Using the listing below, print the line containing "সুপার এলিমেন্টস casino game", the line containing "Valle Walkshorts in Maritime Laid", and each line between them, exactly and nothing else. Pictures stay out of the print.

Entries shown —
****************

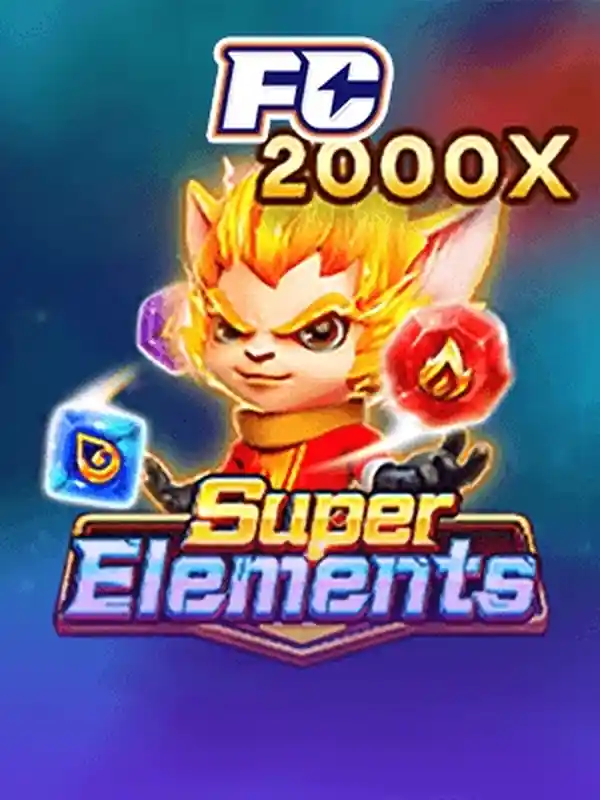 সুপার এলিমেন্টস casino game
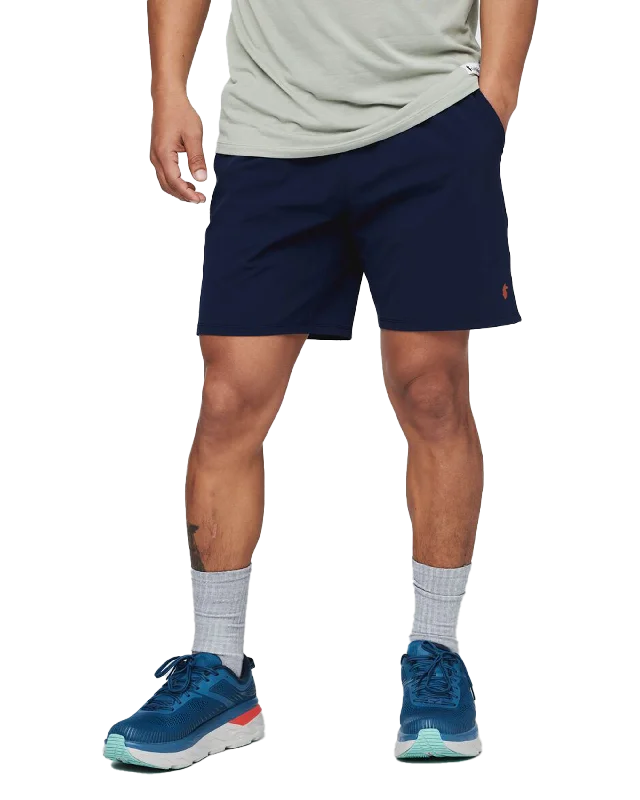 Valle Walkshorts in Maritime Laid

****************

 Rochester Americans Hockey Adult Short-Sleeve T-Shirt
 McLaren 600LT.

****************

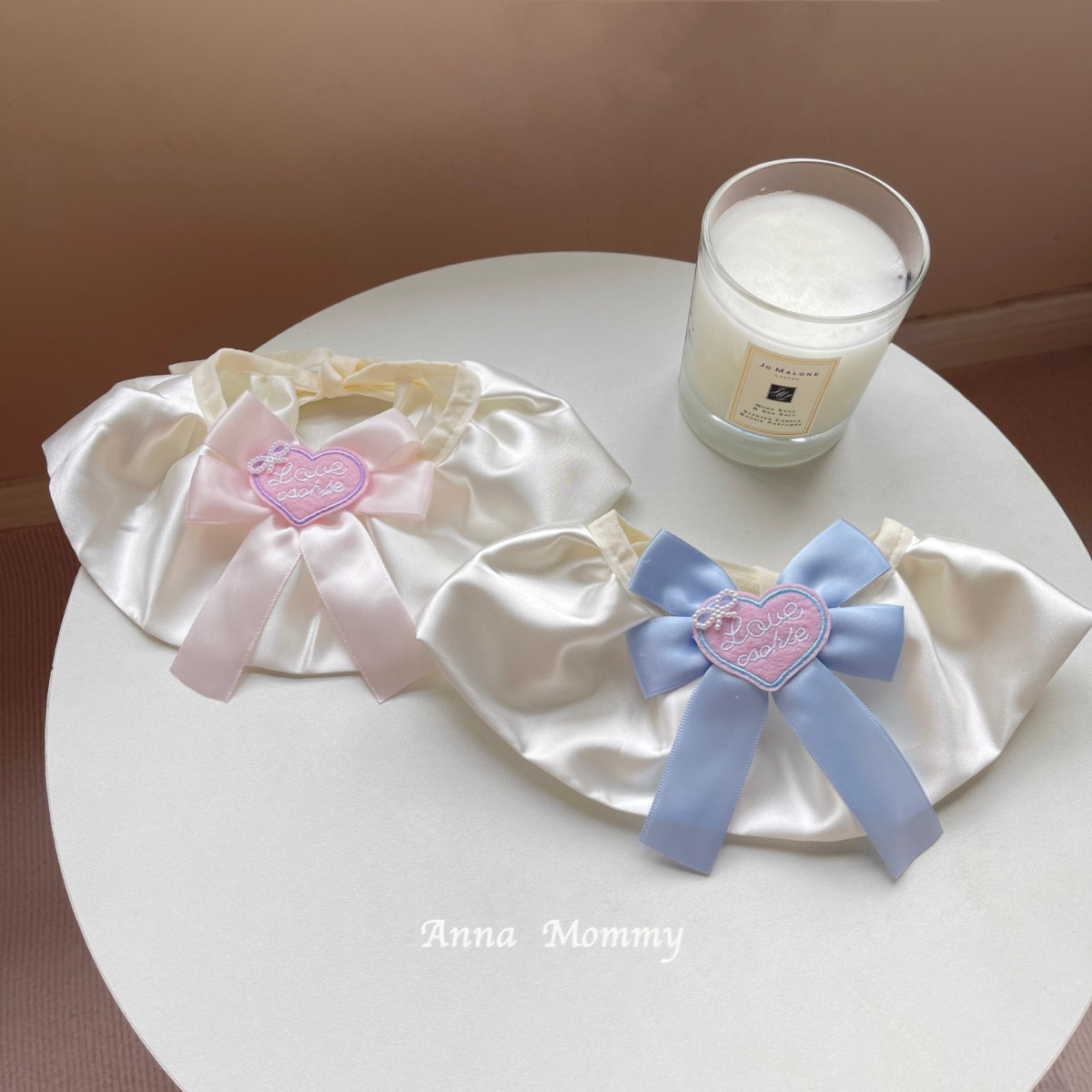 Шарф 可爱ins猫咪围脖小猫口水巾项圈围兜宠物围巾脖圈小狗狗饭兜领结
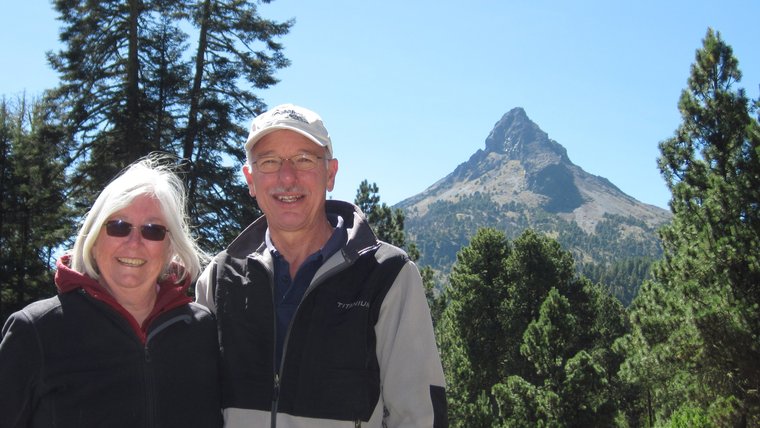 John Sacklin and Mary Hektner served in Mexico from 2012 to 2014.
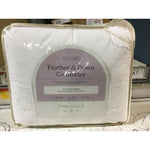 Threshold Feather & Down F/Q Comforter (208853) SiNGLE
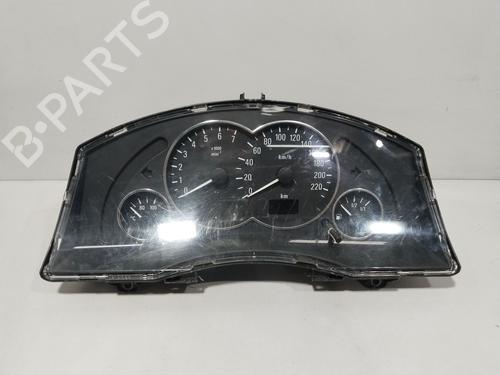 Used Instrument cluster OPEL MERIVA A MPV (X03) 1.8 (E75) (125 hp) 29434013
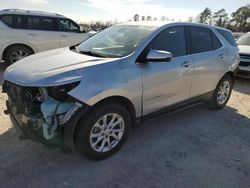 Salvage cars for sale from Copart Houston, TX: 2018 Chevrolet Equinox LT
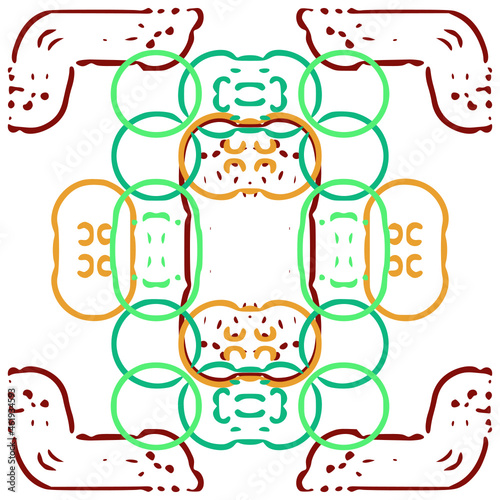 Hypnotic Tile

****************

Task response —
 সুপার এলিমেন্টস casino game
 Valle Walkshorts in Maritime Laid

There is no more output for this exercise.